§ WORK ITEM
Starting with the line that has "Niki Lauda 1977" and finishing with the line that has "A4 LED Tracing", set down each line below exactly. Pictures are not copied.

(Captioned web image data)
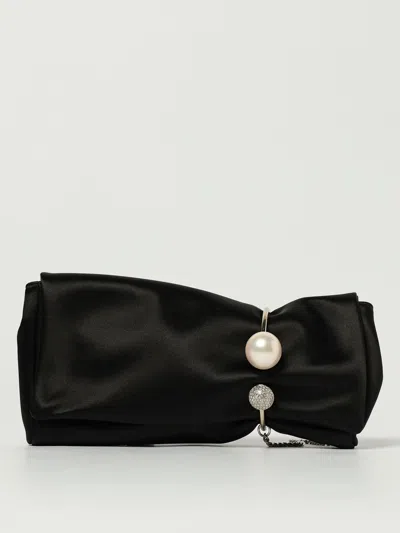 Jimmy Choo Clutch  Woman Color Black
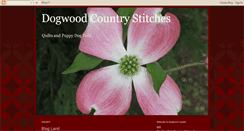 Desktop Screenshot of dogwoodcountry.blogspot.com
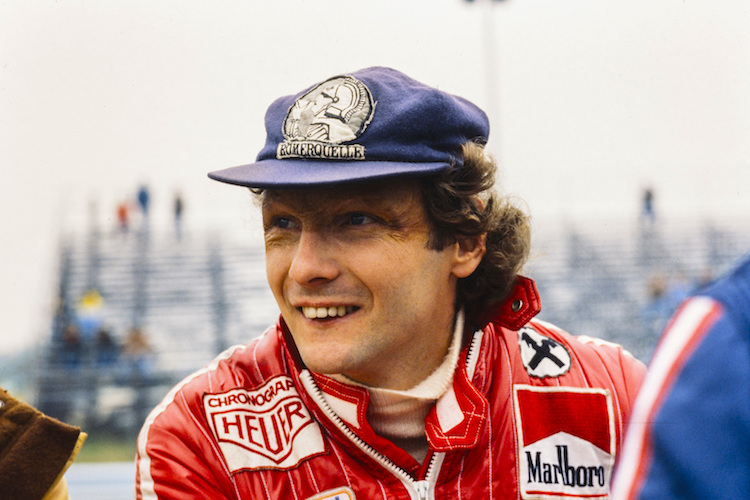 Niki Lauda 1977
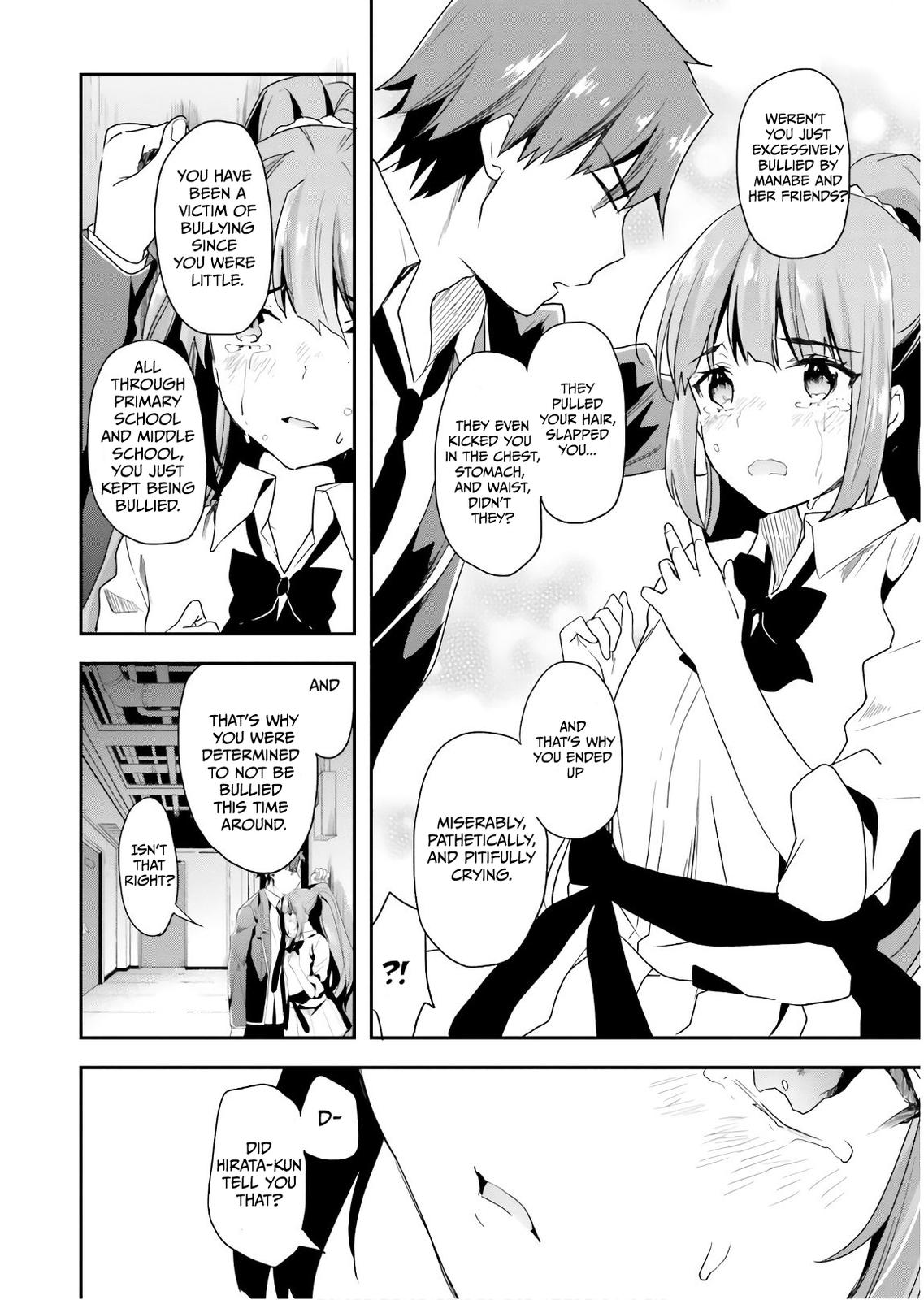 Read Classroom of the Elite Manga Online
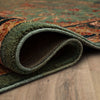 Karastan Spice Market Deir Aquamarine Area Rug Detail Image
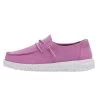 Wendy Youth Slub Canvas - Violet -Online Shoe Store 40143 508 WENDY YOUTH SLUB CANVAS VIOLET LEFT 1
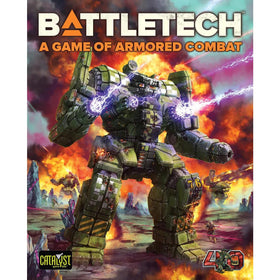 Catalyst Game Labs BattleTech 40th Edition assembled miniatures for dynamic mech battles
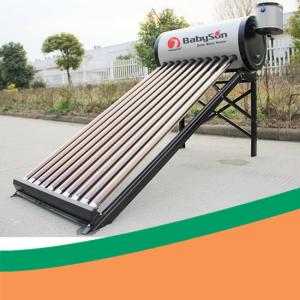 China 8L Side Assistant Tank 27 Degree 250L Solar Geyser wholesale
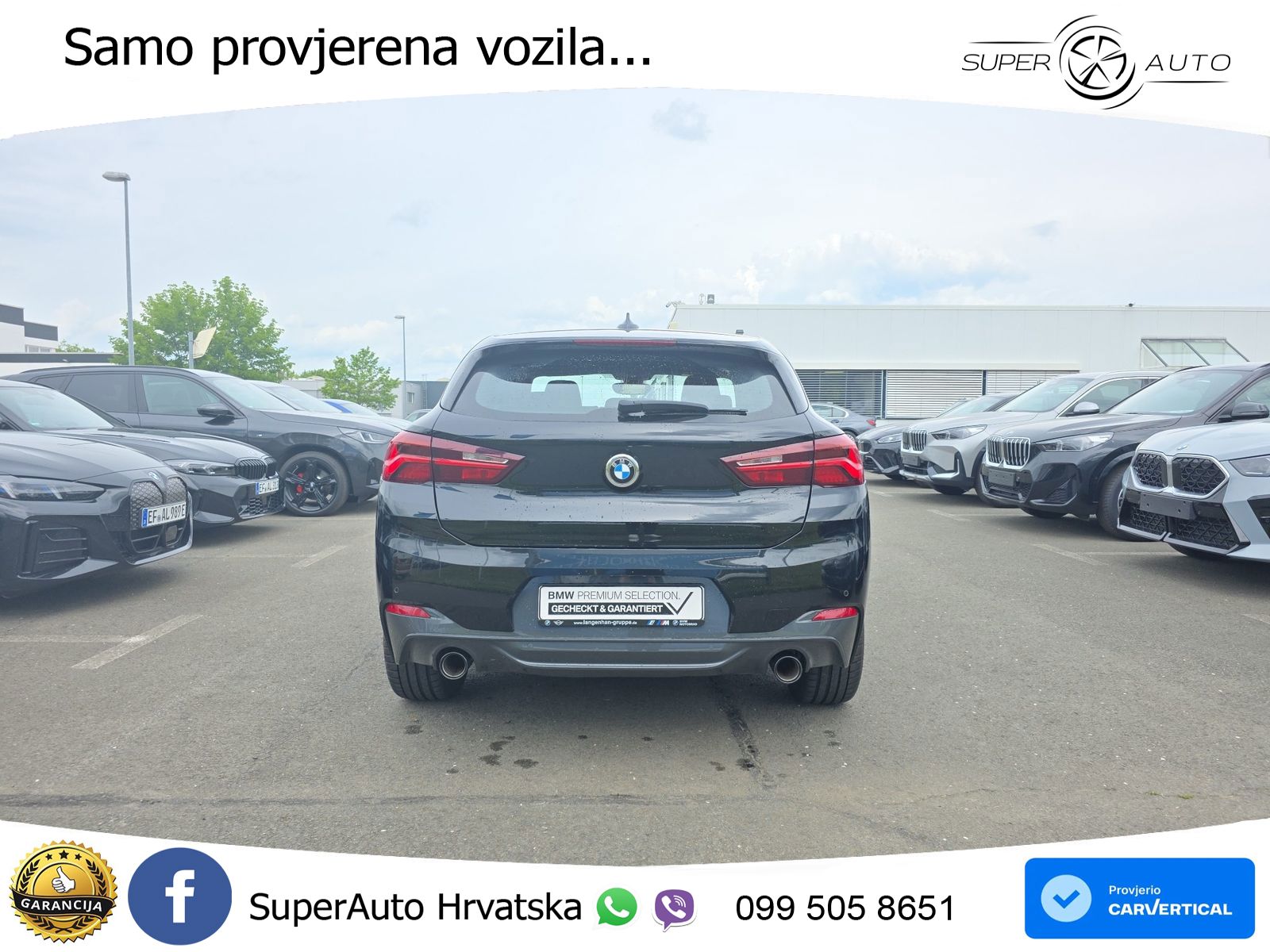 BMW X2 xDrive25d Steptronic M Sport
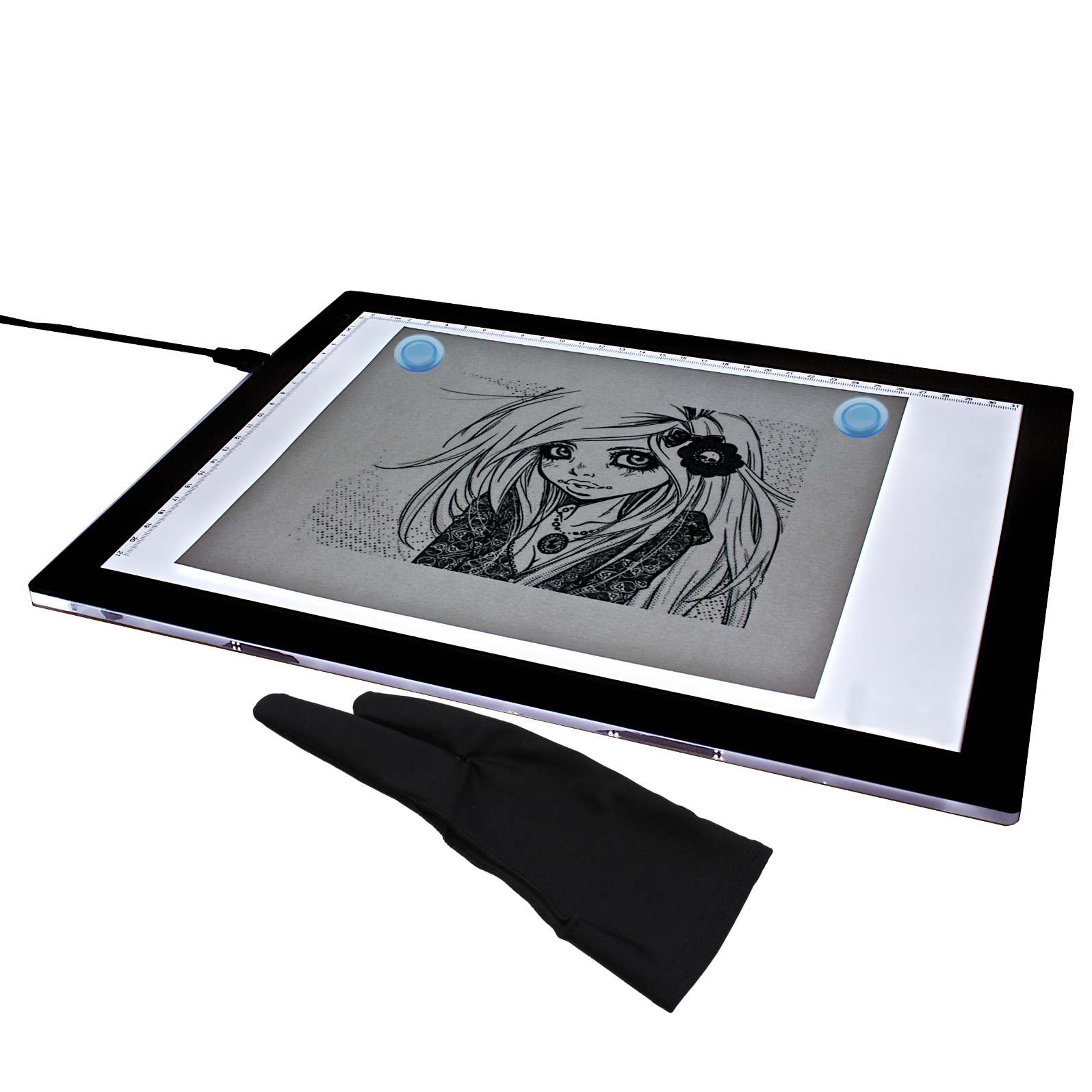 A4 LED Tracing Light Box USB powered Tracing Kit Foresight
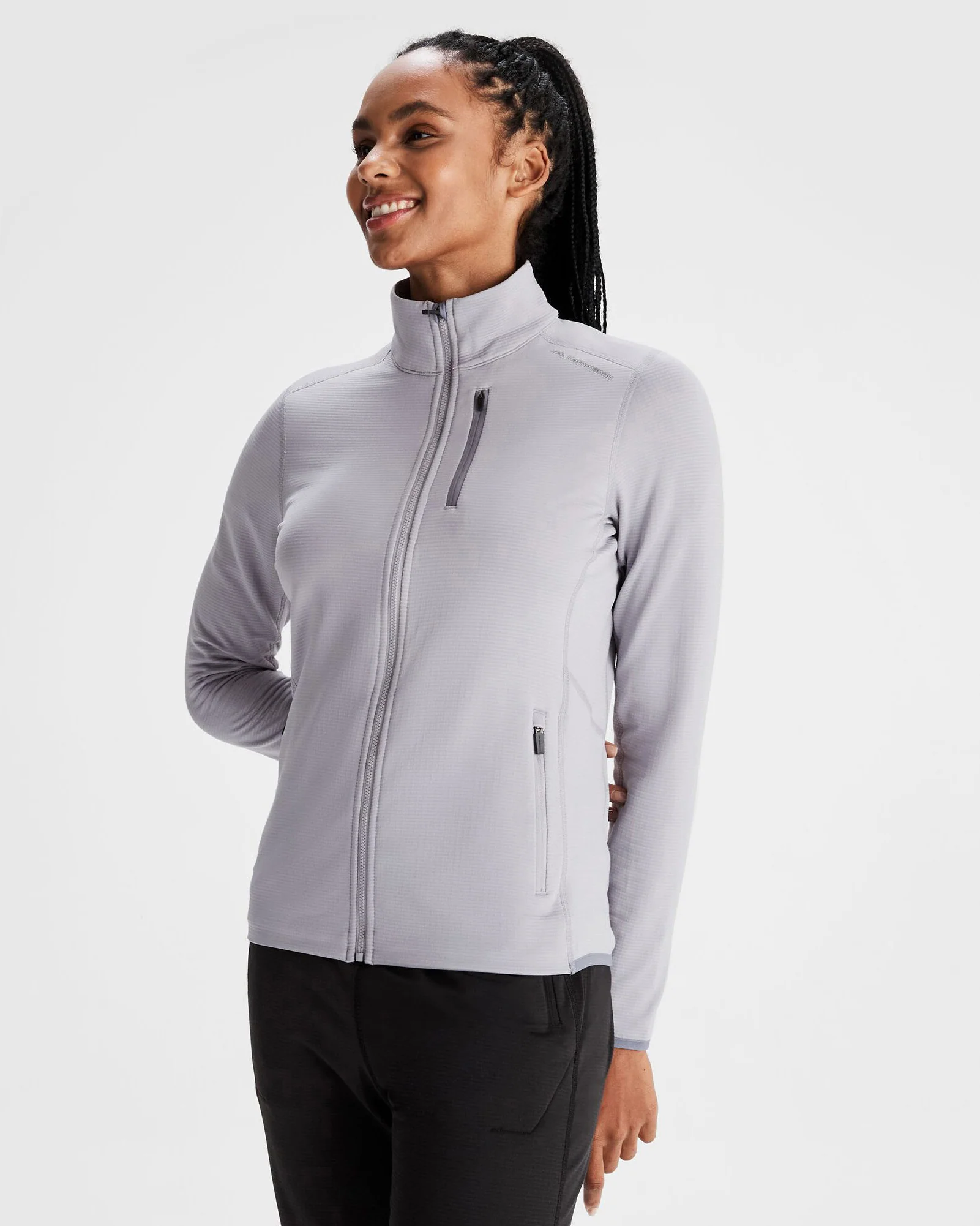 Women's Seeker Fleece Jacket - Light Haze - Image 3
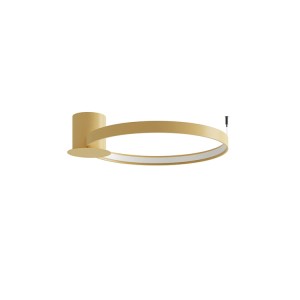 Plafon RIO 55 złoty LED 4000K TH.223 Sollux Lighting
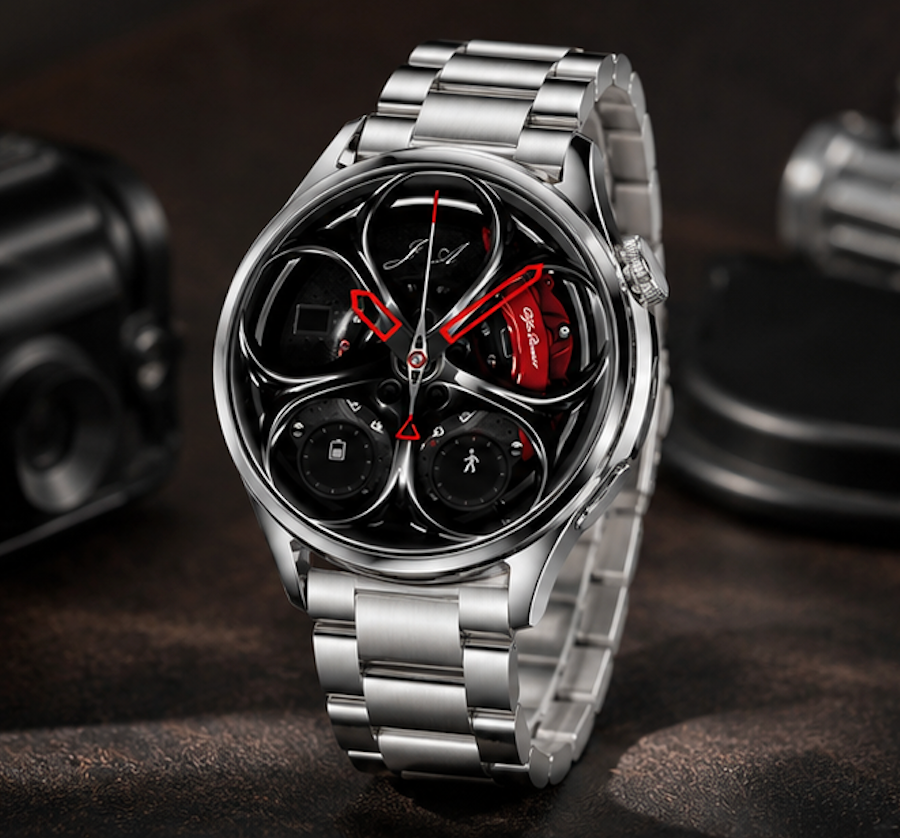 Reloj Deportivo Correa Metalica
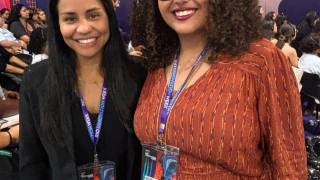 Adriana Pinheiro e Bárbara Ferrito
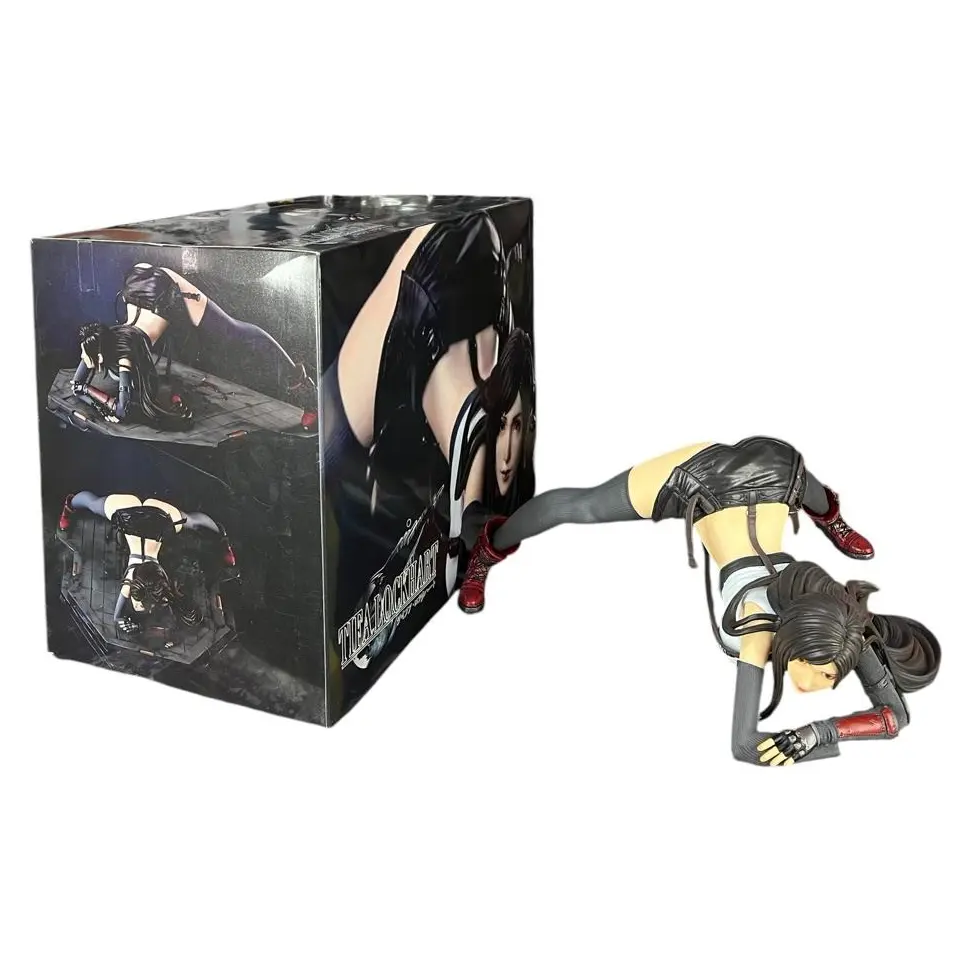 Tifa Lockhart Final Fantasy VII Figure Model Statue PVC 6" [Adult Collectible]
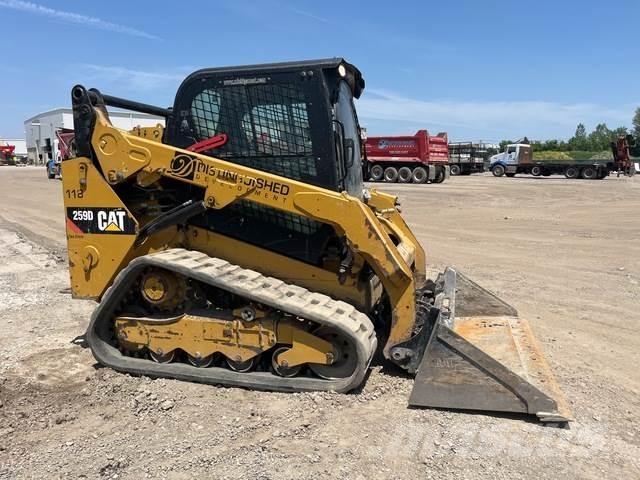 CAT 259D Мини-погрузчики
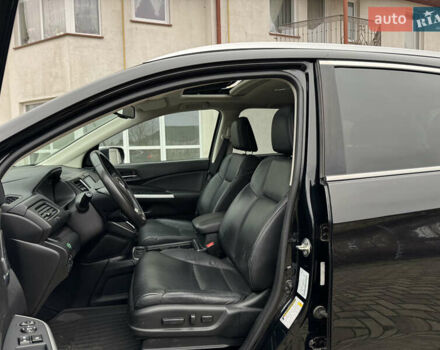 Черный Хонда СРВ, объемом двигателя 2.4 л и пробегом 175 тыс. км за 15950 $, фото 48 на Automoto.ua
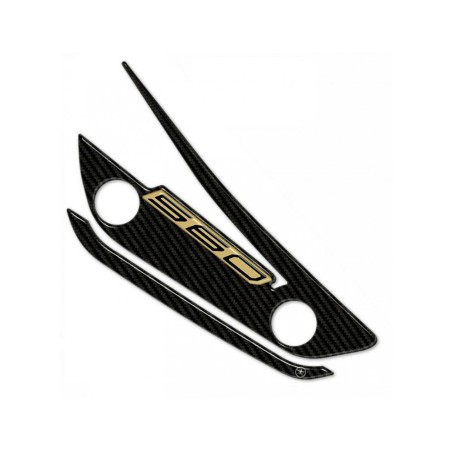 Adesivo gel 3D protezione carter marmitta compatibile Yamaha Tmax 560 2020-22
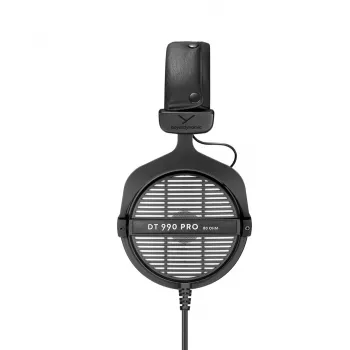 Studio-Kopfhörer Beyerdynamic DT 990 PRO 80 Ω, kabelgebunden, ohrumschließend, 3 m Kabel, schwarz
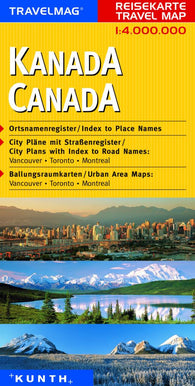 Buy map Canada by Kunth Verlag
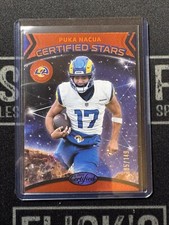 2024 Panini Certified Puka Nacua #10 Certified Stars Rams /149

§ WRITTEN SOLUTION
 Niki Lauda 1977
 Read Classroom of the Elite Manga Online
 Karastan Spice Market Deir Aquamarine Area Rug Detail Image
 Wendy Youth Slub Canvas - Violet -Online Shoe Store 40143 508 WENDY YOUTH SLUB CANVAS VIOLET LEFT 1
 Catalyst Game Labs BattleTech 40th Edition assembled miniatures for dynamic mech battles
 China 8L Side Assistant Tank 27 Degree 250L Solar Geyser wholesale
 BMW X2 xDrive25d Steptronic M Sport
 A4 LED Tracing Light Box USB powered Tracing Kit Foresight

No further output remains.